Logstash out of memory with large gz input (caused by json filter)


(Aaron Daisley) #1

Hi.

I've currently got a Logstash instance in which I'm trying to ingest a fairly large set of gzipped data every day (600-800mb compressed, 6m-11m events). I initially started with the file input plugin on v6.4.0 (and upgraded to 6.5.0 when it released) and I tried using the file input plugin on the gz files, and the instance could maybe get through one or two files before constantly garbage collecting and the input rate dropping quite severely. I tried this with 1gb, 2gb, 3gb and 4gb of heap size and the same thing happened every time. The file input plugin has trouble picking up new files in the chosen “input bucket”, too, but that’s another issue for another post.

I then tried splitting the input files on every 10k and 100k lines but it didn't make much of a difference so it's not the size of the input that's causing it to constantly garbage collect. I've also tried playing with the number of workers and batch sizes but it doesn't make much of a difference. The java execution engine helps a bit but only prolongs the time it takes to become unusable.

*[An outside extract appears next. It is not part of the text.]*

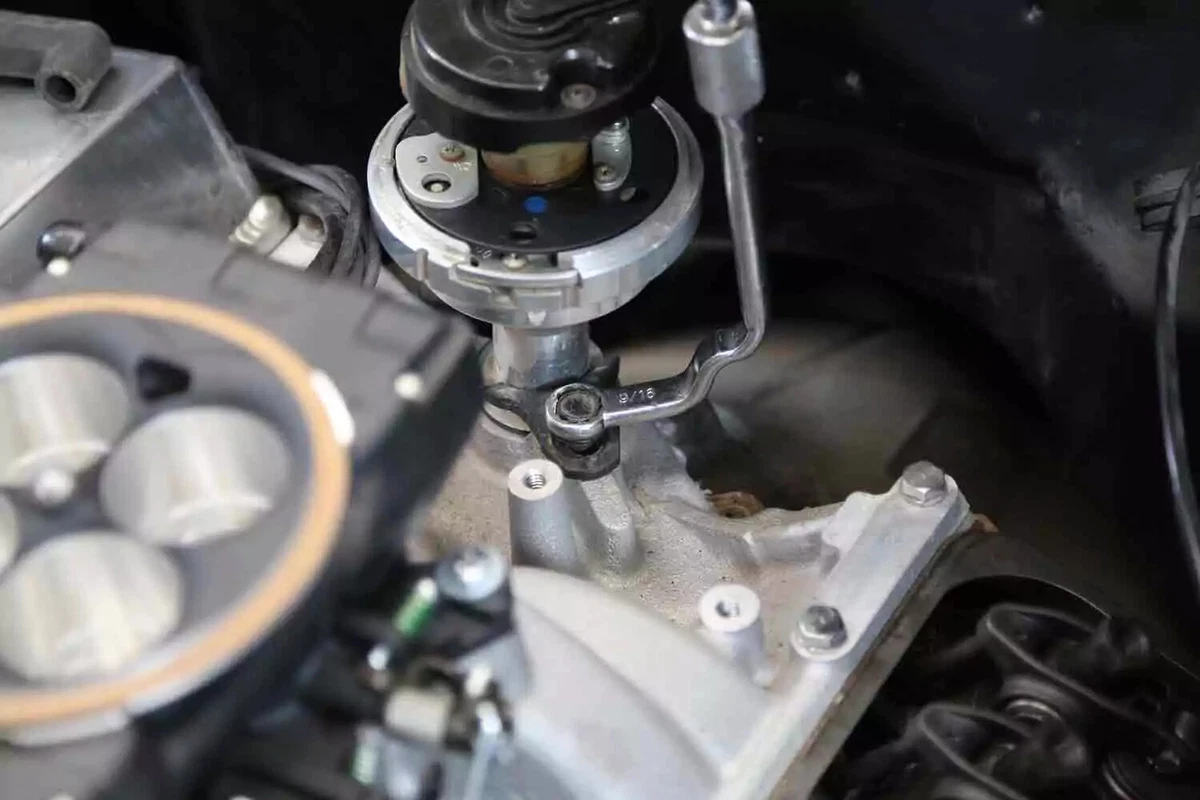 A mechanic fastens a new distributor to a V-8 engine with a specialized distributor clamp wrench.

I've since moved to the s3 input plugin, as this can take files in the s3 input bucket and convert .gz files by default. On Logstash 6.5, the Logstash process starts an insane amount of garbage collecting after a few minutes:

I then tried dropping Logstash down a version to 5.3.2 - this seems to be a lot healthier in terms of memory usage and CPU utilisation, with garbage collection looking healthy too. It doesn’t reach the totally scary point that 6.5 does.

There's several challenges with this, however.
a) Our team would ideally like to stay up-to-date on the Logstash versions going forward, so 5.3.2 is quite out-of-date.
b) The rate is very, very slow in terms of outputting to ES. Using metrics I logged the rate and total number of events, with 6.5's S3 input on the left and 5.3.2's S3 input on the left. Both are using 1gb of heap size. 4k events per second as opposed to ~15k.

Looking around a little bit it seems as though Elastic moved Logstash's worker engine to Ruby around the release of 6.0 and I think this is what's causing the issue. Not knowing too much about Java VMs, Ruby, and the Logstash process I can't exactly come up with a solution.

I was wondering if anyone had a solution to either speeding up the 5.3.2 S3 input, or more preferably stopping the 6.5 input from running out of memory. We'd need this to stay running continuously and would ideally not want to start up a new Logstash process every single day.

Thanks


(Aaron Daisley) #2

So I kept digging at this. I've narrowed down the issue now. I'm currently running logstash 6.5 with an S3 input and I take the message field and deserialise it with a json{} (plugin-filter-json) filter. This seems to be what's causing the out of memory issue.

I don't know if the sheer volume of events is what's causing it or whether there's an issue with deserialising json events in Logstash 6.x.

Would anyone care to weigh in on this?

Edit: I've swapped to the json codec for the input plugin and no issues. Will create an issue on the json filter Github.